CMU Blockchain speaker event: Austin Mitchell and his VC experience

If you don’t like a venture capitalist’s offer, tell them “hell no.” That was one of the many lessons from a Carnegie Mellon alumnus. At the CMU Blockchain Club’s Speaker Event on Jan. 25, Austin Mitchell, co-founder and CEO of the Bitcoin technology startup Synota, shared some tips for future entrepreneurs: communicate, refine, and dream.

As Bitcoin dropped nearly 50 percent in price in the span of three months, Mitchell wanted to leave his public utility job to ... create a Bitcoin startup. Mitchell saw an opportunity to offer energy services to Bitcoin mining facilities, but because the idea contained cryptocurrencies, it was pushed off the table. So Mitchell assembled a team, raised money for their company Synota in the bear market of May-June of 2021, and by the end of July, they had everything they needed to finish their day jobs. Overall, Mitchell's fundraising experience wasn’t easy, but he did have a high rate of conversations to money. Venture capitalists (VCs) seemed enthusiastic about the intersection between cryptocurrency, energy, and the possibility of solving a big problem. After all, the energy value chain, retrieving and dispersing payments from consumers to multiple suppliers, is filled with overhead and inefficiencies. Synota is the first Bitcoin startup to tackle the issue, and the Bitcoin VCs Austin spoke with emphasized that they had been waiting for this approach for a while.

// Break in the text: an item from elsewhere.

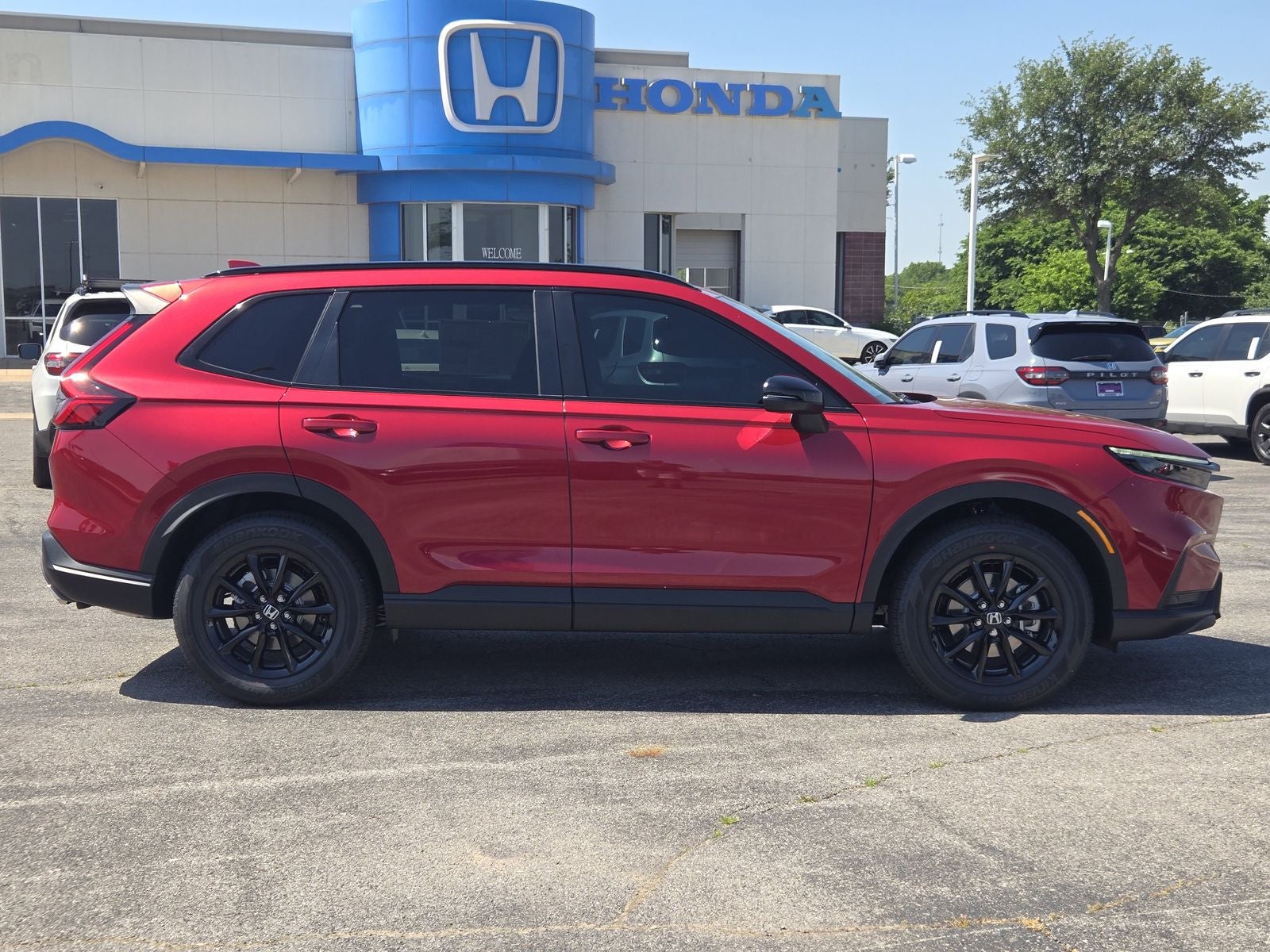 2026 Honda CR-V Hybrid Sport-L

Everything is about communication, he stated. Simply put, nobody will give you money if they don’t like you. So build relationships, show respect, show up on time, and do all the right things. People in VC land are just like normal people — dig in and make it a priority to get to know them, because it’s a mutual relationship. If you make VCs feel like a priority, you’re a priority to them.

Looking back, Mitchell says he grew tremendously as a person and founder. Although Mitchell had no negotiation classes under his belt, he raised over three million dollars in funds. He said that in any situation, you need to be very deliberate. But also take a moment and put yourself into their shoes. Have a 5-10 minute conversation and try to truly understand their wants and needs in relation to your position.

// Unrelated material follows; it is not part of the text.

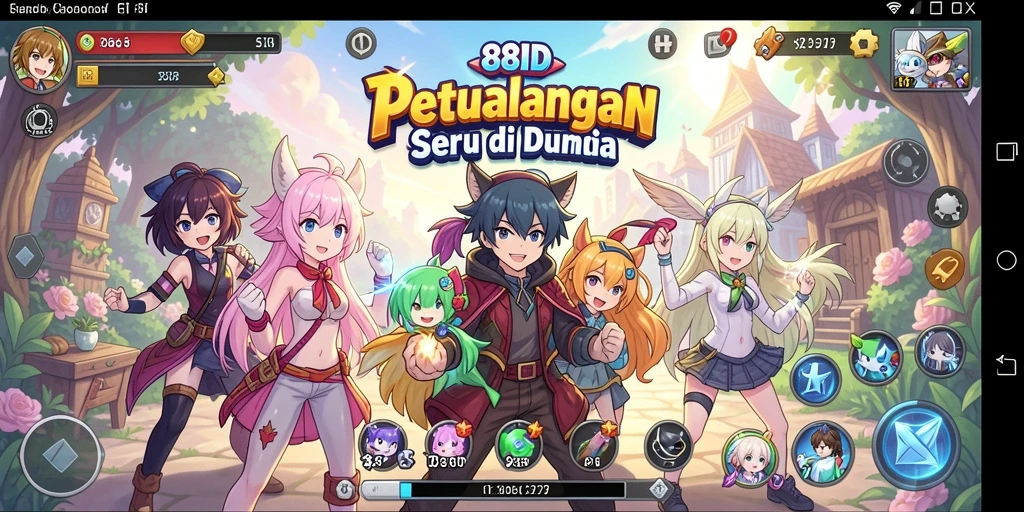 Tampilan gameplay <strong>88ID</strong> yang menawan dan interaktif.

Mitchell shared with the audience a moment when he had to negotiate a sum of $500,000. About three-quarters into the funding timeline, a Synota investor recommended negotiating hard with another VC. The Synota investor broke down the position for Austin, and he was left with a task: Call someone who’s been in the VC world his entire life, someone who Austin needed a half-a-million dollar check from, and tell him “hell no” followed by a counteroffer. Austin recognized that he didn’t feel good. He shared that at any stage, you’ll have that imposter syndrome, a dreadful thought that you’re just lucky to be there and nothing more. People are lucky, but you also deserve to be there, and how you reconcile with those two things is essential, Austin emphasized. In the end, the VC called him back in 30 minutes and agreed to Austin’s terms.

Finally, dream big. There is no reward through the startup process by being anything less than bold, Mitchell told listeners. He took inspiration from one of Synota’s lead investors, who always pushed the team to think more boldly. The team could see all the next steps and “what if” questions in their journey, so the investor told them to do and say just that. From the lead investor, to Mitchell, and to the next big entrepreneur, know that you’re trying to change the world; don’t discount yourself or the vision.

“You guys might forget about me, or [you] can say 'you knew me [back] when [I wasn’t big yet,]’” Mitchell said. If he can brave an intimidating VC, quit his quantitative analysis job when the market looked grim, and still stand to tell the tale, I look forward to telling everyone that I had the chance to speak with him way back when.